In the 1930s and 1940s, Crow wrote 13 books; and his most popular book, 400 Million Customers (1937)won one of the early National Book Awards: the Most Original Book of 1937.

Carl Crow arrived in Shanghai in 1911 and made the city his home for a quarter of a century, working there as a journalist, newspaper proprietor, and groundbreaking ad-man. He also did stints as a hostage negotiator, emergency police sergeant, gentleman farmer, go-between for the American government, and propagandist. As his career progressed, so did the fortunes of Shanghai. The city transformed itself from a dull colonial backwater when Crow arrived, to the thriving and ruthless cosmopolitan metropolis of the 1930s.

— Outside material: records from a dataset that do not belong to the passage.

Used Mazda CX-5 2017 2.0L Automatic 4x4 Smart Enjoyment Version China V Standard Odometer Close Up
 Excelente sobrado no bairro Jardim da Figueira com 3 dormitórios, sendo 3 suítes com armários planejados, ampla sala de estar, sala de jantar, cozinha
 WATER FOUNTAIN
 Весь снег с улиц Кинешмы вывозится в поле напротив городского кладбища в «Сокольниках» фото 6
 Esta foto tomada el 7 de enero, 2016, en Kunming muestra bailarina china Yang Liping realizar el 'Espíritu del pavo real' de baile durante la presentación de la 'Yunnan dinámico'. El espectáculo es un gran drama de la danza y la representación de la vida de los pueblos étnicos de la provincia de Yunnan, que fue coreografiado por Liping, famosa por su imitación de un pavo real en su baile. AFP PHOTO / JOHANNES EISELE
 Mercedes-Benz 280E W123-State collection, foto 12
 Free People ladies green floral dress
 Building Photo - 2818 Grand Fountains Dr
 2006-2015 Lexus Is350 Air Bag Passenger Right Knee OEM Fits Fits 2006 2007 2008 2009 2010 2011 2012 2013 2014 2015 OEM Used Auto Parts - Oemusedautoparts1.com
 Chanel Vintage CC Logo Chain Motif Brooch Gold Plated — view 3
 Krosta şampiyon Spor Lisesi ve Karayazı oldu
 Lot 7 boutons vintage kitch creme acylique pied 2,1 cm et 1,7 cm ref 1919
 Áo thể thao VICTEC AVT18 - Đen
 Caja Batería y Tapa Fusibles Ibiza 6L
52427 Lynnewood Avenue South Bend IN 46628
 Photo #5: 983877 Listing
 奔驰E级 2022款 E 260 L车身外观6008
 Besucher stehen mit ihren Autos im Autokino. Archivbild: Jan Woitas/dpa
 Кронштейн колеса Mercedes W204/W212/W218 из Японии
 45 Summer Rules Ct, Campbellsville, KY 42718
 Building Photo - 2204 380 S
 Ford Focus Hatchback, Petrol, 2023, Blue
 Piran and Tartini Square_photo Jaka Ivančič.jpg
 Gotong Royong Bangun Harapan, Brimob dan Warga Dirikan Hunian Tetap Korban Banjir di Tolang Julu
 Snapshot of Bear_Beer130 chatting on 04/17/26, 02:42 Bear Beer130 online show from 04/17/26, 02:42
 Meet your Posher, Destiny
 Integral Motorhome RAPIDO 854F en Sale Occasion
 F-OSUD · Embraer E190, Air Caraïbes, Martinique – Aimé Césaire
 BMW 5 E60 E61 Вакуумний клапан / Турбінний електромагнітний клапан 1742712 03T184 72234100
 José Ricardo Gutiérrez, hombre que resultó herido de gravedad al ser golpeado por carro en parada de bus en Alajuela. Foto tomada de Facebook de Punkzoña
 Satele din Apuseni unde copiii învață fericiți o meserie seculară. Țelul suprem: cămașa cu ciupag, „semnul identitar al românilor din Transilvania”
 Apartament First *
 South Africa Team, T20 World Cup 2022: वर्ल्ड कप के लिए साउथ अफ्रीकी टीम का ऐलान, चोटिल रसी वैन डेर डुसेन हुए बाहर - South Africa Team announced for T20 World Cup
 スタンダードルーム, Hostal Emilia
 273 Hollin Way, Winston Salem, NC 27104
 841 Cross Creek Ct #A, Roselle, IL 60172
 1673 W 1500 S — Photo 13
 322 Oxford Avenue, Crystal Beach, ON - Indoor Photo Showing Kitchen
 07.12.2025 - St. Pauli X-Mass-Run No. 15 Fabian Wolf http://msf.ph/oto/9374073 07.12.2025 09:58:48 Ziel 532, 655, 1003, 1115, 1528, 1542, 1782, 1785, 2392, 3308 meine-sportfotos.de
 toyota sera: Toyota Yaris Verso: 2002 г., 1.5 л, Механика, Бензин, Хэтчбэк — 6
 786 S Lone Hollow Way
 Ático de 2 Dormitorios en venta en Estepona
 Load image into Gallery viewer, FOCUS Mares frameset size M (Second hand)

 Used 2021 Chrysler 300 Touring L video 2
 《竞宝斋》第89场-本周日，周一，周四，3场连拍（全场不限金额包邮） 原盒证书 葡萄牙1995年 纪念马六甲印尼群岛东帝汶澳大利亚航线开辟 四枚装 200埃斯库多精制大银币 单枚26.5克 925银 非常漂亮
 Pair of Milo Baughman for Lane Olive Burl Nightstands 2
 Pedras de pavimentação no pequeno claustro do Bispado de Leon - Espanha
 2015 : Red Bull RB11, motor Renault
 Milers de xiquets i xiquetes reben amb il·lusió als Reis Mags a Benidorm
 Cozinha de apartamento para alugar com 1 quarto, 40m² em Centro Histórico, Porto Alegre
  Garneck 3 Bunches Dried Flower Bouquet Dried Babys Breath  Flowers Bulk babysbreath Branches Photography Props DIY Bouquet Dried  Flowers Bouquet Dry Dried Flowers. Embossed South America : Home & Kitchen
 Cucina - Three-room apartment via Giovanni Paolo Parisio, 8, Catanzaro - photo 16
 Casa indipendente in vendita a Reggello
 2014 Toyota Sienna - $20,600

Among Crow’s exploits were attending the negotiations in Peking which led to the fall of the Qing Dynasty, getting a scoop on the Japanese interference in China during the First World War, negotiating the release of a group of western hostages from a mountain bandit lair, and being one of the first westerners to journey up the Burma Road during the Second World War. He met and interviewed most of the major figures of the time, including Sun Yat-sen, Chiang Kai-shek, the Soong sisters, and Mao Zedong’s second-in-command Zhou En-lai. During the Second World War he worked for American intelligence alongside Owen Lattimore, co-ordinating US policies to support China against Japan.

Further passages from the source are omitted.